Following Stove Fire, Co-insured Tenant Denied Coverage for Contribution Claim

January 3, 2023 / Writing and Speaking

By Don R. Sampen, published, Chicago Daily Law Bulletin, January 3, 2022

The Illinois Supreme Court recently limited the application of a 1992 decision of the court that deemed a tenant to be a co-insured under a landlord’s fire insurance policy. Reversing the appellate court, the Supreme Court’s new decision holds that the tenant’s co-insured status does not obligate the insurer to provide a defense in a contribution action against the tenant.

The case is Sheckler v. Auto-Owners Insurance Co., 2022 IL 128012 (Nov. 28). The tenants, Monroe and Dorothy Sheckler, were represented by Statham & Long LLC of Galesburg. Dinsmore & Shohl LLP of Chicago represented in the insurer, Auto-Owners.

The Shecklers rented residential property from Ronald McIntosh in Pekin. The lease agreement provided that McIntosh would provide fire insurance on the premises and the Shecklers would be responsible for any insurance on their own personal property.

McIntosh procured first-party property coverage from Auto-Owners, under a policy that also provided him third-party liability coverage. The policy listed only McIntosh and his wife as named insureds.

As the result of a gas leak in the stove and range in the Shecklers’ unit, a service technician came to inspect. When the technician temporarily left, one of the Shecklers turned on the stove, causing a fire that resulted in substantial property damage.

Auto-Owners paid to restore the property and then brought a subrogation action against the technician. The technician then filed a third-party contribution action against the Shecklers, who tendered to Auto-Owners. The insurer declined to defend.

The Shecklers subsequently filed a declaratory action against Auto-Owners seeking a determination that it had a duty to defend and indemnify them in the contribution action. The service technician, who was named a defendant in the declaratory action, filed a counterclaim against Auto-Owners likewise seeking coverage on behalf of the Shecklers.
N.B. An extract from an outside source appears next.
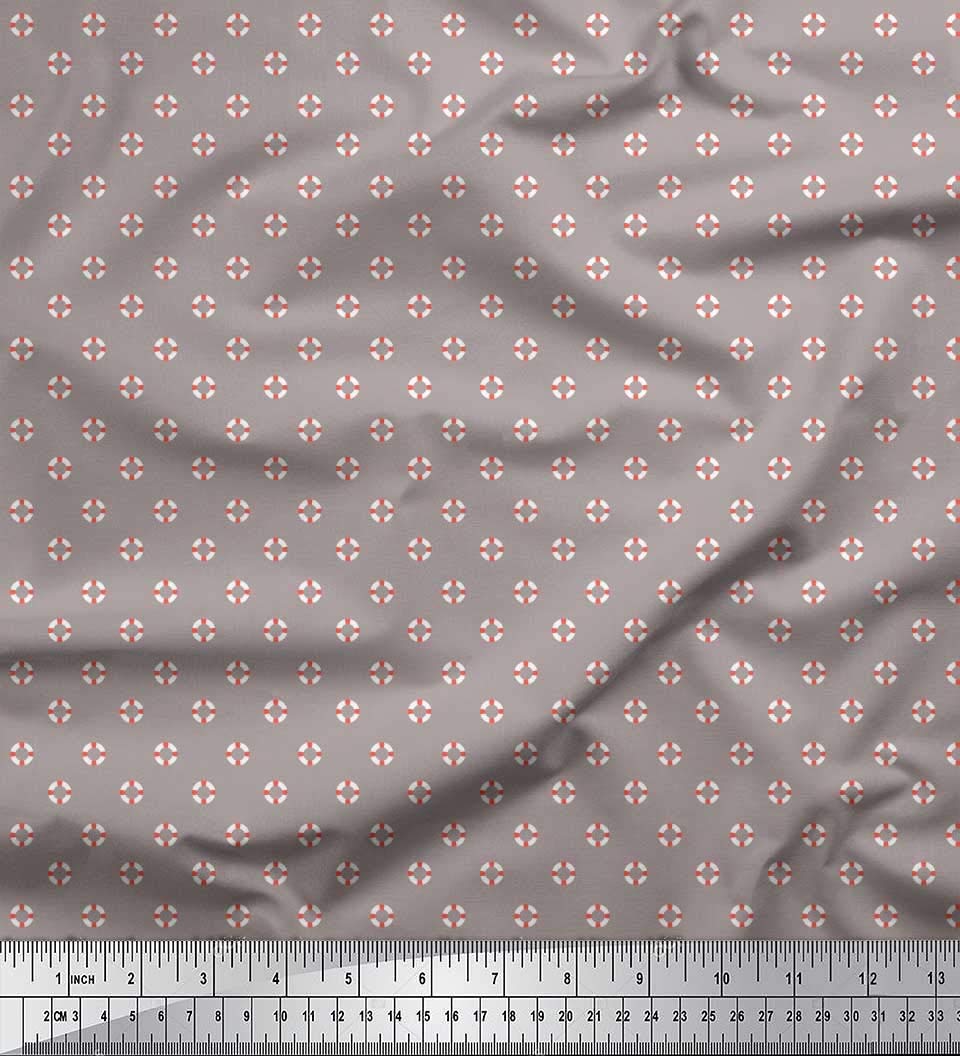 Soimoi Moss Georgette Brown Fabric by The Yard - 42 Inch Wide Printed Fabric with Small Swimming Ring Design - Perfect for Summer Swimwear, Beach Cover-Ups, and DIY Craft Projects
After analyzing Dix Mutual Insurance Co. v. LaFramboise, 149 Ill. 2d 314 (1992), the circuit court found in favor of Auto-Owners. In that case, the Supreme Court found that a tenant was a co-insured under the landlord’s property insurance policy even though not identified as such. As a co-insured, moreover, Dix held that the insurer paying the property loss could not subrogate against the tenant, because an insurer cannot subrogate against its own insured.

Hence, because the Shecklers were not being sued for subrogation, the circuit court found Dix inapplicable and held in favor of Auto-Owners.
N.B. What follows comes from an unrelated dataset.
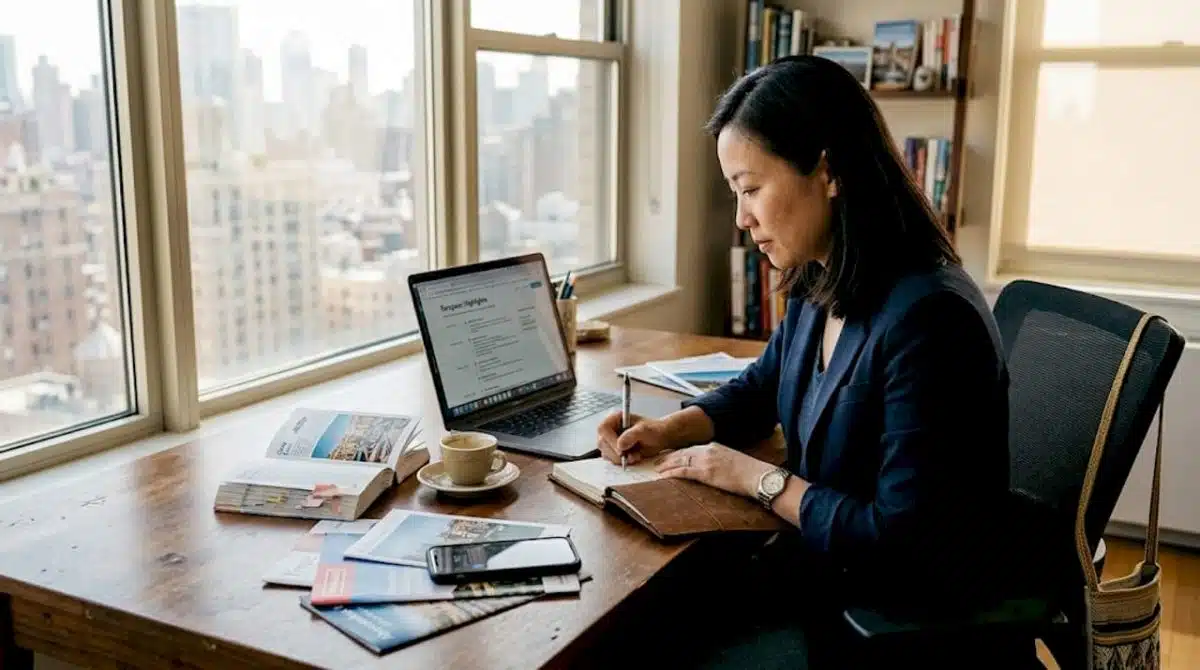 Travel advisor planning bespoke itinerary at desk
On appeal to the 3rd District, the appellate court reversed. It said that, according to Dix, the Shecklers were co-insureds under McIntosh’s policy. The appellate court then held that an equitable extension of Dix required Auto-Owners to defend and indemnify the Shecklers in the contribution action by the technician. Auto Owners sought and was granted leave to appeal to the Supreme Court.


In an opinion by Justice Lisa Holder White, the Supreme Court reversed. She wrote that Dix found the tenant in that case to be a co-insured in part by construing the parties’ intention under the lease as exculpating the tenant for fire damage and requiring the landlord to look solely to the insurance policy for compensation for fire damage.

Because the tenant was a co-insured, moreover, White agreed that Dix applied the well-settled principle that an insurer has no subrogation right against its own insured. The insurer in that case therefore could not recover against the tenant on a subrogation theory.

In the instant case, by contrast, while Auto-Owners had sued the technician on a subrogation theory, the technician’s third-party action against the Shecklers was based on contribution, not subrogation. White therefore found Dix to be irrelevant.

In addition, White observed that the Auto-Owners policy did not identify the Sheklers as insureds and the liability portion of the policy covered only claims brought against an insured. Under the policy terms, moreover, even for an insured, an exclusion barred coverage for damage to property occupied or used by the insured.

The Supreme Court therefore concluded that Auto-Owners had no duty to defend or indemnify the Shecklers, and it reversed the appellate court and affirmed the decision of the circuit court.

Key Point

An insurer’s duty to defend or indemnify does not extend to the tenants of insured property against a third-party negligence contribution claim when the tenants are not identified as insureds under the policy.